**Exercise description:** Copy word for word each line from the one that has "Revolutionizing Online Gaming" to the last line of the records, with no other lines.

Extracted records:
————

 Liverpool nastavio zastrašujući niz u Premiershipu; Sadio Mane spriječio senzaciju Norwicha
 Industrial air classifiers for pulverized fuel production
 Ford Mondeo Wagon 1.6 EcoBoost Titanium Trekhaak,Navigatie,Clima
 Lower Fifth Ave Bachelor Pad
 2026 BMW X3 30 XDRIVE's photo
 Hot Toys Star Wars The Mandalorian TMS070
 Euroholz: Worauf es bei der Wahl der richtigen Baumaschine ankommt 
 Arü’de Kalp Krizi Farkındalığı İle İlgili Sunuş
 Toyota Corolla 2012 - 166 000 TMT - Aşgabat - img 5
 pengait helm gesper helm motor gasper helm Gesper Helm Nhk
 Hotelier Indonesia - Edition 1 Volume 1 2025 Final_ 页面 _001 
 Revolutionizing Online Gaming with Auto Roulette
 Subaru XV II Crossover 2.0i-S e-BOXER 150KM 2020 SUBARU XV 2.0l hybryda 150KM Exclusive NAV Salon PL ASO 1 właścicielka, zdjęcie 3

————

**Answer to this task:**
 Revolutionizing Online Gaming with Auto Roulette
 Subaru XV II Crossover 2.0i-S e-BOXER 150KM 2020 SUBARU XV 2.0l hybryda 150KM Exclusive NAV Salon PL ASO 1 właścicielka, zdjęcie 3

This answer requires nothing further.